Unfortunately, a good, polishable, steel toe, zip-up boot is going to be a bit pricey. If you got a pair from a department store for cheaper and are happy with them, then I see no need to spend the extra money. Everyone has a preference.


----------



## emt_irl (Oct 28, 2010)

i have a pair of tuf king boots that are above the ankle and have a side zipper. looking to upgrade to some magnums soon.

the side zips come in great on night shifts when you need to get dressed fast


----------



## FrostbiteMedic (Oct 29, 2010)

I'm probably going to get laughed at here, but my favorite boot is the SWAT boot made by Brahma and sold at Wal-mart.....Got a pair of zippers and laced them in and they work great!....I also have my trust Altamas...


----------



## TransportJockey (Oct 29, 2010)

Search around a little this question has been asked and answered a lot


----------



## JJR512 (Oct 29, 2010)

I have these: http://www.globefiresuits.com/footgear/products-and-solutions/technical-10in-zipper-speed-lace.aspx

If you work in an EMS capacity with a fire department, these boots are great. These boots are certified to protect against bloodborne pathogens, chemical spills/splashes, and to protect in wildland and technical rescue situations. Basically, everything but structural firefighting, so for fire-based EMS personnel, they're the best and only boots you need.

I don't like the lace-in zippers, though. I would have preferred a side-zip.

They're also quite expensive, $348 at one popular online retailer.


----------



## emtchick171 (Oct 29, 2010)

My favorite type of boots are the 5.11 Tactical boots....they're a little pricey, I spent about $150 on mine. They are size zip & you can get them in steel-toe or non steel-toe. I love them and will never buy anything other than 5.11s


----------



## swissmedic (Oct 29, 2010)

Hi
I wear and still prefer HAIX EMS & FIRE shoes. They are not cheap, but they are safe, antibactirial,verrrry good comfort etc. !!!
For the day shift I wear HAIX X21 Airpower 

http://www.haix.com/eng/workwear_produktdetail_en.php?artikel=607606

and for the night shift I wear HAIX X1 Airpower

http://www.haix.com/eng/stationambulance_produktdetail_en.php?artikel=605105

Take care
Matt


----------



## C.T.E.M.R. (Oct 29, 2010)

Thanks for all of the suggestions, i think im going to order the 5.11s soon i was checking them out today online and theyre reasonably priced.


----------



## emtchick171 (Oct 29, 2010)

C.T.E.M.R. said:


> Thanks for all of the suggestions, i think im going to order the 5.11s soon i was checking them out today online and theyre reasonably priced.

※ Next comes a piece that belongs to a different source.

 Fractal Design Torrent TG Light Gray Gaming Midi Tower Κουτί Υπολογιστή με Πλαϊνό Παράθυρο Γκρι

They're reasonably priced & extremely comfortable. Also, I've had mine about 2 years, and they still are holding up great... also I would recommend the waterproof 5.11s (that's what I have) they're a little stiffer to break in, but once they're broken-in they're the best boots you could ask for!


----------



## TransportJockey (Oct 29, 2010)

Meh, also take a look at the converse tac boots with side zip. They're comfy and last a while.


----------



## RUGBY66X (Oct 29, 2010)

Ive got a pair of bates side zip tactical boots that are awesome i bought a 13 which is what i normaly wear and they fit perfect and also have room left for thicker sox in the cold weather.


----------



## EMT204 (Nov 21, 2010)

Personally i think rocky boots are awesome, i am also just starting in ems, these boots are light, they zip on the side and are also insulated and they last forever. i recently told a friend about rocky boots, he had a pair of 5.11 and immediately loved the boots. i highly recommend rocky!


----------



## Fox800 (Nov 21, 2010)

I've been pretty happy with my Danner Acadia's but they are pretty expensive ($200+). I have also heard good things about Pro Warringtons.


----------



## SCClayton (Nov 21, 2010)

My personal favorites are the 5.11 Sleet 8's I have had my current pair for 2 years (of at least 50 hours a week of wear) now and they are in great shape. Plus they were comfortable right out of the box and reasonably priced.

I ordered them from Atlantic Tactical and got a bunch of free stuff with them (3 pairs of free socks, a 5.11 mug, hat, mock turtle neck, and shipping ) heck of a deal!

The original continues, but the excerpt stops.